互いによろしくと言い合って、いよいよ解散となるわけだけど……その前に俺から、ごく個人的なことだけどエリスさんに対して言いたいことがあった。
彼女を呼び止める。
「あ、そうだ。すみませんエリスさん。今日のお昼、湖岸沿いの定食屋でカツ丼食べてました? もしかして」
「…………えっ。えっ? え、なんで知ってるの、ストーカー?」
「まさか! あそこの近くのダンジョンに潜る前に寄ったらあなたがいたんですよ。まさかこんな形で知り合うなんて思いませんでした」
「そ、そう……それは、どうも……」
俺の言葉に、エリスさんはすっかり顔を赤らめてそっぽを向いてしまった。というか、周りの人に気づかないくらい食レポに没頭してたのか。さすがだなあ。

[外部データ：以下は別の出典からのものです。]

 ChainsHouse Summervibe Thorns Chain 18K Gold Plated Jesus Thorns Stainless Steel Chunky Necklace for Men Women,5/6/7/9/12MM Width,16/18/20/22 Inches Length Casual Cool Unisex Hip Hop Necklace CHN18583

彼女の食レポのおかげで俺は、今日の昼食を大変満足して過ごせたのだ。食べ盛り山形くんとしては、機会があったらあの食レポさんに感謝を告げたいところだったんだよ。
そんな折にまさかのこの展開だ。俺の言うことじゃないけど、運命ってあるんだなあ。
感動しながらも俺は続けた。
「見事な食レポに思わず俺もカツ丼頼みましたよ。美味しかったです、ありがとうございました」
「食レポ……き、聞かれてたのか、あの独り言」
「またやったんですか師匠? 相変わらず独り言の多い人ですねえ」
「と、歳を取ると独り言がしたくなるものなんだよ。ヴァールさんなら分かりますよね?」
「分からん」
にべもない言葉に、その場に崩れ落ちて両手で顔を覆うエリスさん。いつもやってるんだな、食レポ……基本、独り言の多い人らしい。
弟子に呆れられる彼女に、俺はそんな感想を抱いた。